Pierce County is investigating the use of sodium chloride (salt) for roadway snow and ice control and its possible effects on adjacent waterbodies. Pierce County will concurrently assess the corrosion effects salt may have on vehicles and roadway infrastructure. Monitoring information from this study will be used to inform Pierce County’s Road Program and staff responsible for applying salt to roadways. This study will help determine standard operating procedures needed to address the use of chloride applications in the County. The County is also evaluating whether salmon carcass placement activities are beneficial to salmon populations and associated stream biological health. Results of the study will help guide the development and implementation of similar carcass placement projects in other streams in Pierce County.
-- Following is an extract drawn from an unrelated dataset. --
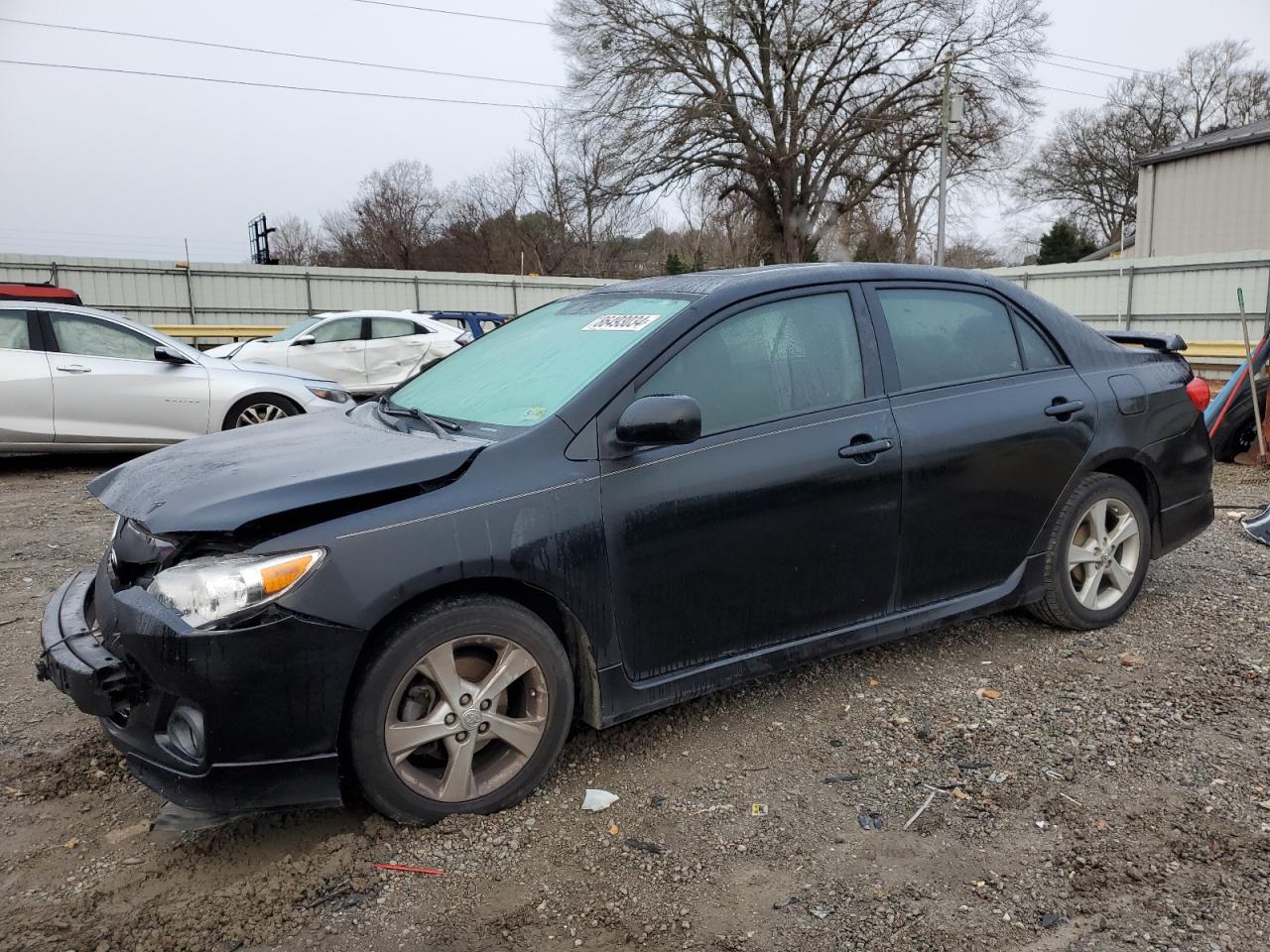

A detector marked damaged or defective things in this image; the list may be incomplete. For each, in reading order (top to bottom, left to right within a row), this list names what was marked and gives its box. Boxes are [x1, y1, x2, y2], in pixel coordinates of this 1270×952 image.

crumpled front bumper [35, 567, 369, 813]
broken headlight [147, 547, 325, 627]
crushed hood [89, 409, 486, 536]
damaged black sedan [37, 264, 1206, 821]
The County will evaluate relationships between BIBI scores and the benefits of re-establishing ocean nutrients from active salmon carcass placement in streams.
City of Tacoma
The City of Tacoma is evaluating their basin-wide storm system cleaning approach in the Thea Foss drainage area. This study focuses on cleaning stormwater conveyances and catch basins to determine whether this action achieves reductions in contaminant concentrations. The City is evaluating this effort (basin-wide cleaning) in conjunction with their source control program to enhance sediment quality discharged into the Thea Foss Waterway.
City of Seattle
The city of Seattle is determining pollutant loading reduction from use of regenerative-air street sweepers. The city is also measuring the distribution of pollutants removed by particle grain size fractions. The results from this study will provide a tool for evaluating sweeping as an operational control versus a capital improvement project (stormwater treatment). Seattle is performing analysis to increase their understanding of the distribution of contaminants by various grain size fractions for each waste stream: street dirt, sweeper waste, and catch basin sediment. The data results will help the city develop a tool to predict a relative targeted annual load reduction for varying conditions (sweeping frequency, road surface condition, and parking enforcement compliance). This study will build upon the Seattle Street Sweeping Pilot Study that was conducted in 2006. The Street Sweeping Pilot Study was conducted to investigate whether street sweeping can be effective in reducing the effect of city outfalls on sediment quantity and quality in the offshore receiving environment. The study found that street sweeping is effective in reducing the amount of sediment and associated pollutants discharged from city streets and served as the catalyst for an expanded street sweeping program in Seattle. For the follow up to the pilot study, see the Program Effectiveness Report: Street Sweeping for Water Quality:
Port of Tacoma
The Port of Tacoma is evaluating the effectiveness of increased source control and training efforts. The focus is evaluating the effectiveness of a training program for employees and an educational program for drayage trucking customers. The results from this study may improve Port maintenance activities, help to prioritize areas for additional stormwater controls, enhance enforcement actions for an anti-idling policy to reduce diesel particulates from drayage trucks and improve employee training and education and outreach for customers.
Port of Seattle
The Port of Seattle is analyzing the effectiveness of their tenant education program and monitoring the effectiveness of improved maintenance. This study evaluates behavior change by distributing educational materials to Port tenants. The Port hopes to improve tenant understanding of stormwater permit requirements, potential impacts from stormwater discharges to receiving waters, and methods for minimizing and eliminating illicit and non- stormwater discharges. The Port will also monitor the effectiveness of improved sweeping and catch basin cleaning. These activities will be evaluated for their net benefit to water quality enhancement. The results will be used to improve the Port’s annual maintenance program.